There are 7 species of sea turtle in the worlds oceans, and here in Fiji we are lucky enough to be considered home to five of those species. All species of sea turtle are listed as Threatened or Endangered on the IUCN Red List. Two of the species that regularly frequent the Mamanuca waters are the Hawksbill (locally known as Vonu Taku) and the Green Turtle (Vonu Dina).
The traditional nesting season in Fiji is from October to April. Out of the 23 islands in the Mamanuca group, there are 19-recorded nesting sites. So please do be careful while walking along the beach, and look out for crawl tracks that resemble marks left by a tractor tire.
While it’s a sight familiar to many fans of nature documentaries, only a lucky few have witnessed this first hand.
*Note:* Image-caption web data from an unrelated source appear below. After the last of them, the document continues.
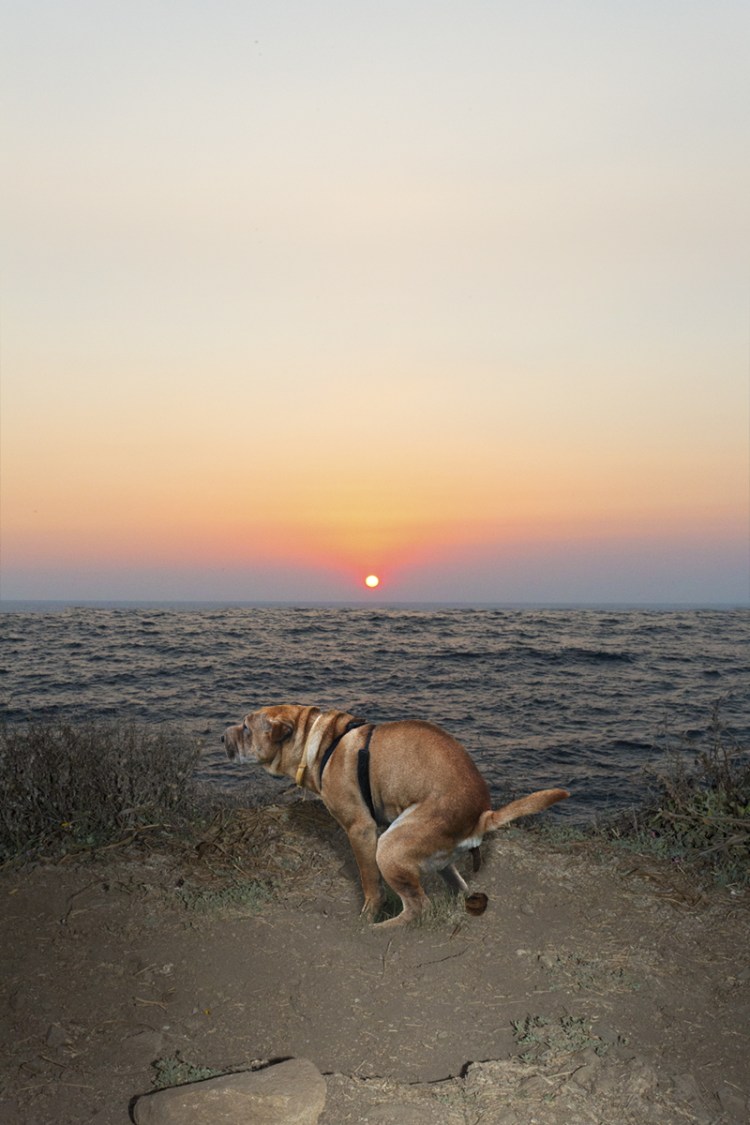 Собака какает на закате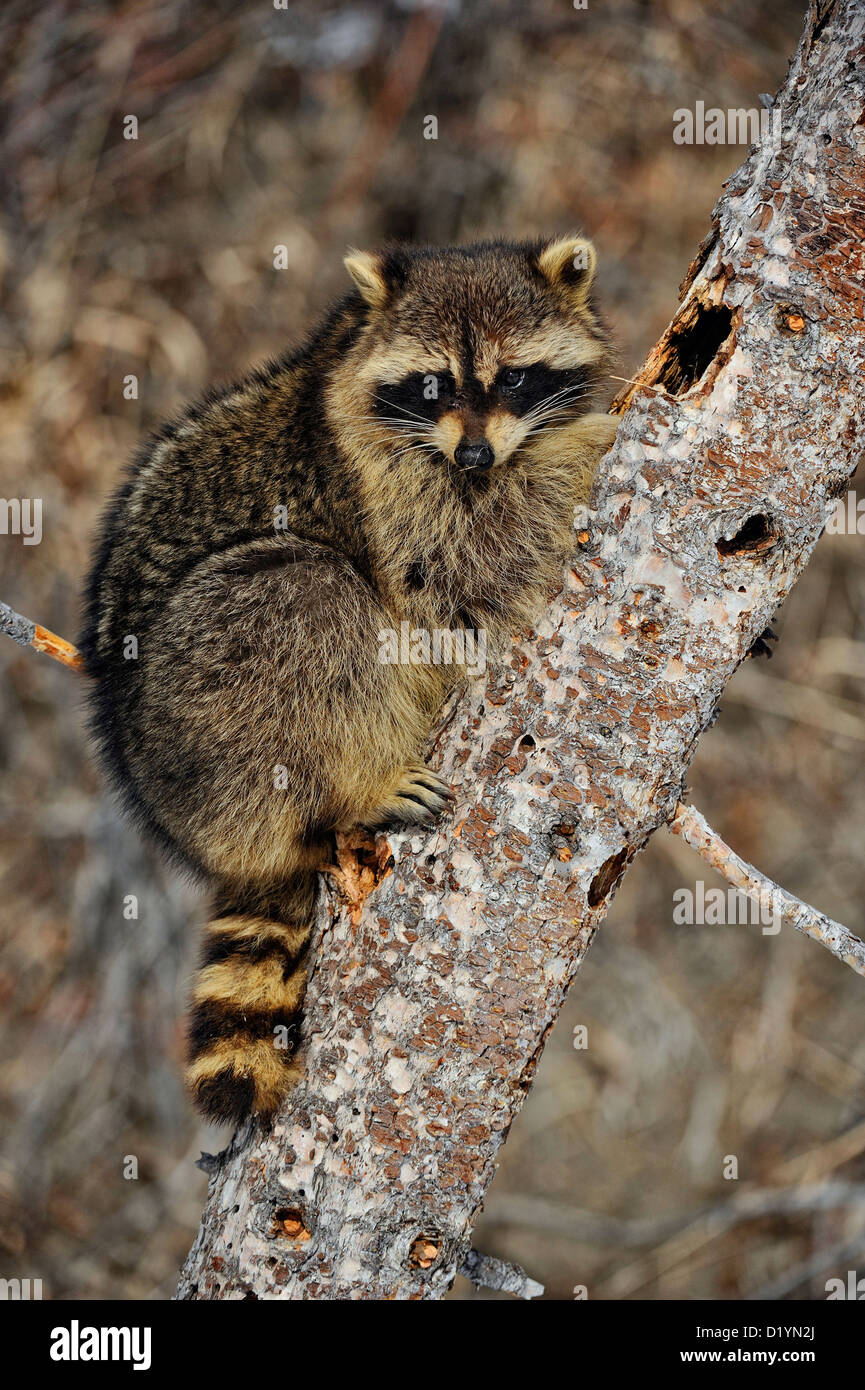 Raccoon (Procione lotor), captive sollevato campione Bozeman, Montana, USA Foto Stock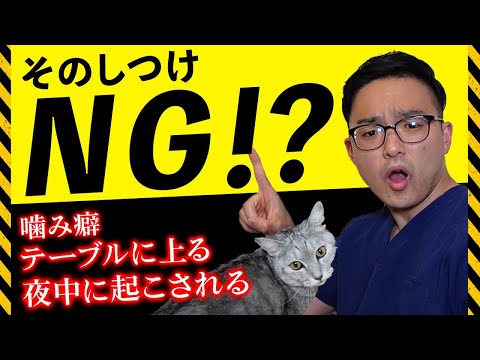 猫の叱り方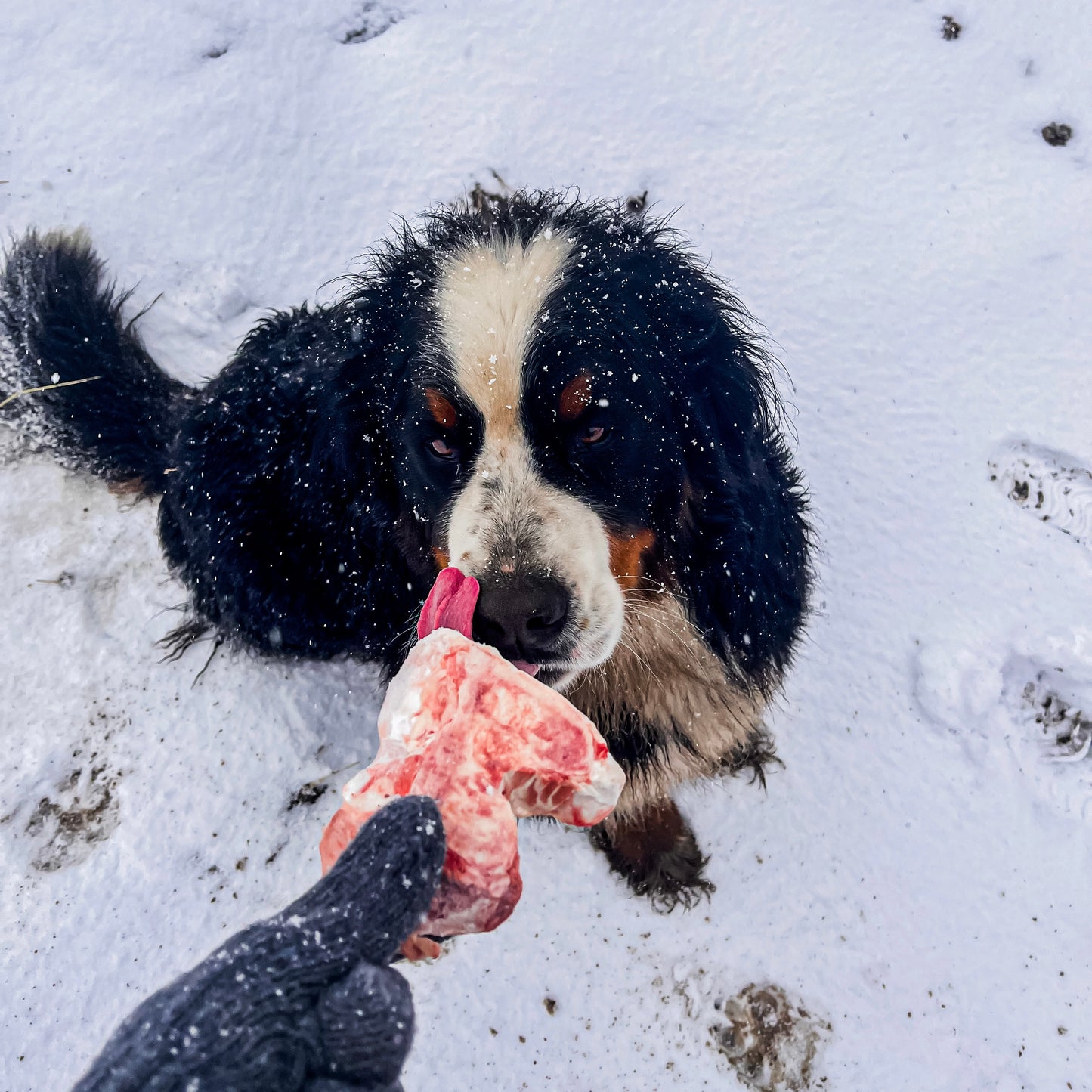 Grass Fed Dog Bone Box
During your stay in Fiji, you may be one of the lucky ones to see turtles nesting naturally or perhaps you might come across tiny hatchlings making their way down the beach.
If however, you would like to guarantee such an interaction, there are three turtle ponds located at resorts in the Mamanucas; Treasure Island, Vomo and Mana Island Resort. Here, you can see some baby turtles. The program is part of a MES Head Start Program where newly hatched turtles are kept safe until they reach a certain size before being released into the ocean to maximize their chance of survival.
Another fun and incredibly novel way you can support our country’s turtle conservaion initiatives, is to drink ‘Vonu’ beer. The ‘Island Brewing Company’, proudly supports Fiji’s endangered Vonu Dina (Green Turtle) through the Mamanuca Conservation Turtle Project, by raising awareness and assisting in the funding of breeding programmes.
If you happen upon a turtle in distress, please do try to help it.
If you need advice, you can call :
Department of Fisheries on 336 1122
WWF on 331 5533
or while cruising the Mamanucas, MES on 672 0448 65
MES is a self-supporting, unbiased and non aligned entity. The Society has no industry agendas be that tourism or local community issues. Rather the focus is solely on the betterment of the environment of the Mamanuca Islands region.